"We are the Pilgrims, master, we shall go always a little further: it may be beyond that last blue mountain bard with snow, across that angry or that glimmering sea". James Elroyd Flecker
‘We entered the battlements of the ice castle and into the breach hoping to punch our way through…only to be stopped in our tracks with high ice walls which we had to get over, this was a nightmare! Both physically and mentally draining…’ 20th April 2016
Extract from Vic’s book & dairy, Plan D
We landed safely with a bump onto the make shift Arctic sea-ice runway, at the Russian Base, they called Barneo. We stepped out of the cramped Antonov plane into what was a chilly -30 degrees, only to be ushered to a mess tent, guarded by a Russian soldier in his camouflage whites, to wait for the helicopter call. It was still daylight, but the early hours of the morning, and something we had to re-adjust to. Luckily we could grab a quick cup of tea and discuss our final preparations, before hearing the sound of the Russian helicopters as they landed nearby. We moved out to grab our pulks and loaded them onto the crude cargo helicopter. This was it!

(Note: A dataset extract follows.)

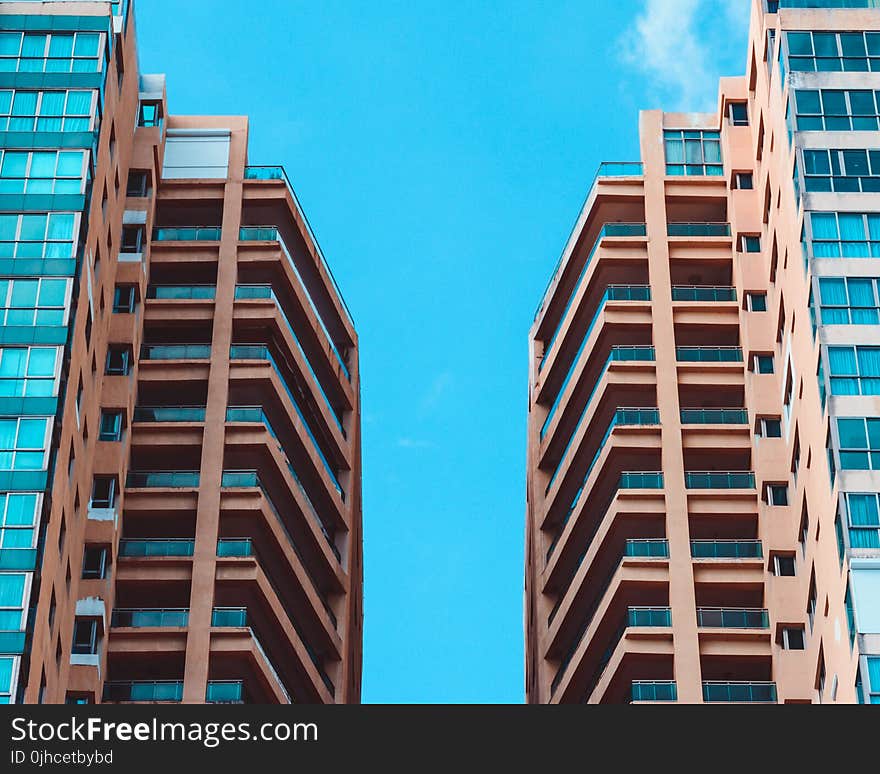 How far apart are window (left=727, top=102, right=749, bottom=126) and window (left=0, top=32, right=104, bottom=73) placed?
100 feet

The helicopter spluttered into action, with the huge noise and shuddering motion of the blades rotating above, shaking the body as we started to lift off and move in the direction of our drop off point. We had a couple of hours in this tin can, and as I looked down I could see from high above, the impact and devastation of what could be climate change. Something of a white patchwork quilt, destroyed by broken ice fields, expanses of open water and huge cracks. And we were going to land onto this!
We landed with the helicopter blades still turning, I suppose just in case we were on unstable ice…we off loaded our kit and shook the hand of the Russian Commander who said in broken English ‘see you at the North Pole!’ I could not resist but to immediately raise the British flag which was secured to my ski pole and waving it at the Ruskies as they took back off. I wasn’t sure what they thought of us ‘crazy’ Brits, but I simply wanted to make the point that this was a British expedition, and after three years we are going to make this happen... I felt that this was actually a moment of success and elation, just too actually be on the Arctic Ocean alone as a team with what we had set out to do. We had actually made it this far, after such a long journey faced with many obstacles.

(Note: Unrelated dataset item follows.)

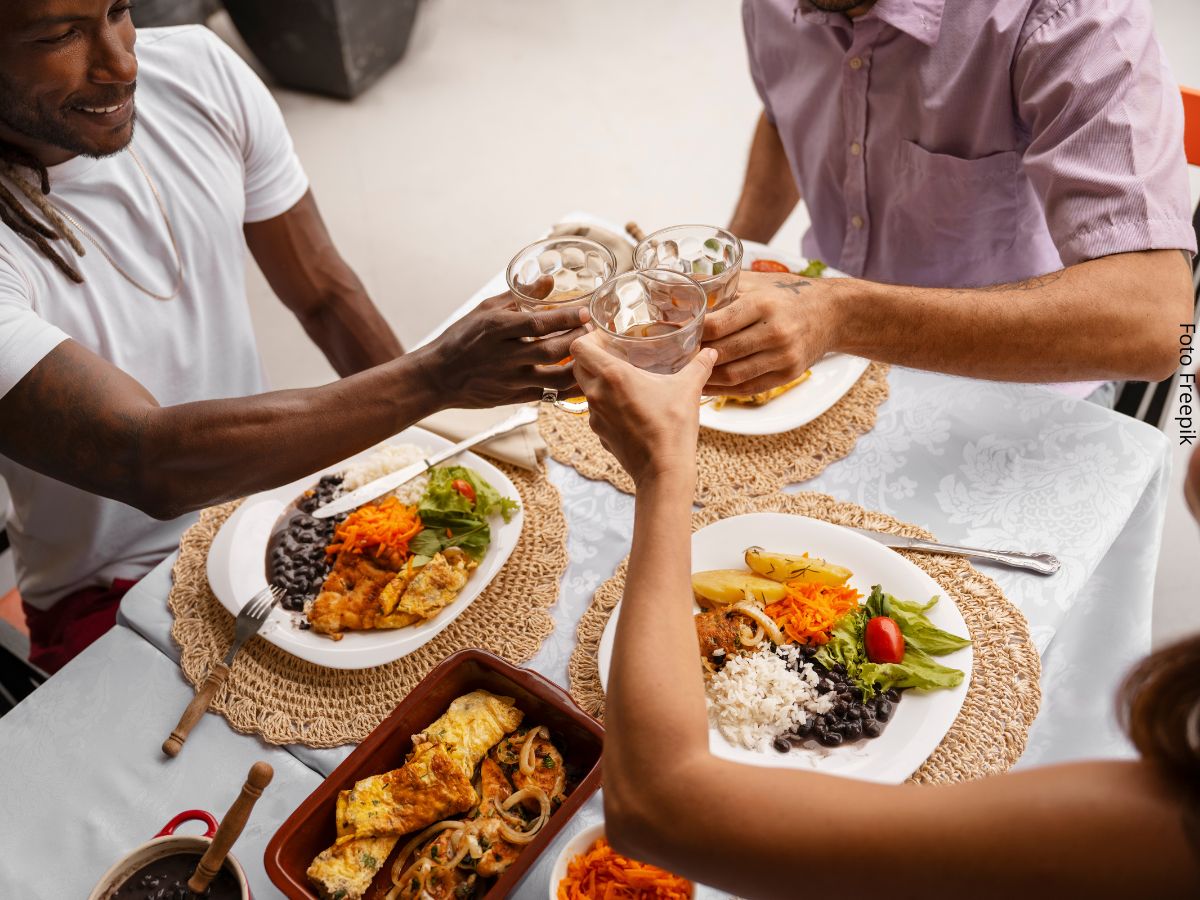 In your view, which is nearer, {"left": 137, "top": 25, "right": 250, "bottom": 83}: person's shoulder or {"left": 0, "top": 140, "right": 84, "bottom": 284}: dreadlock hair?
{"left": 0, "top": 140, "right": 84, "bottom": 284}: dreadlock hair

We had about six hours rest and were up to start at 1400hrs (ready to leave for 1600hrs) for our first day on ice. Routine is key and plays a critical part in all our lives in coping and getting through the day. Without routine we would not get anywhere! On our expedition, routine helped enormously as we chipped away at the miles every day in the attempt to reach our goal.
We couldn’t afford to have a day of rest, even if it was required, as we had to keep moving and make the most of the available time to get to the Geographic North Pole. There were long days on ice. Our routine grew slicker and slicker with every passing day. Within a short time we had worked out our system, developing the basics of setting up the tent and our daily routine, all from what we had established during the South Pole expedition and our training.

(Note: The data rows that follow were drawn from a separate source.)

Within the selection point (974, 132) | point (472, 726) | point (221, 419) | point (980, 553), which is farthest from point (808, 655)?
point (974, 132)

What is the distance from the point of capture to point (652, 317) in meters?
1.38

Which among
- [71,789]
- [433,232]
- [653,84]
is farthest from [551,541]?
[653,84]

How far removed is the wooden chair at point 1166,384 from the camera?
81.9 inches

Nevertheless, the experience in the South and our training could not prepare us fully for the environment of the North Pole. I still maintain that this environment is the harshest one known to humans, especially with climate change and the way the ice is breaking up. It creates an enormously challenging terrain. Every few hundred metres we were faced with walls of ice rubble. This is where ice crashes into other ocean ice and rides up, creating more ice rising up and up. I would say that after every 100 meters we would be faced with a huge barricade of ice which we would have to climb over. This was not thin ice, but boulders of huge thick ice blocks which we had to find our way through, looking for the weakest point and creating a route over the rubble. This could involve removing our skis, securing them to the pulk, and then man-hauling the pulk over a wall of ice, all the time being careful not to injure ourselves or damage our equipment. This all took time and had to be done properly. Sometimes we hit double walls, or we were faced with walls all around us! I remember one time when we had penetrated the initial four or five walls of ice but then found that we were surrounded and trapped in a small football pitch sized area... and then we lost the sun! In my mind it was like being trapped inside a castle made of ice. My heart dropped on several occasions and sometimes I wandered whether we would ever get through it! But we soon realised that as a team we had the confidence to get through all of these obstacles and what was being thrown at us.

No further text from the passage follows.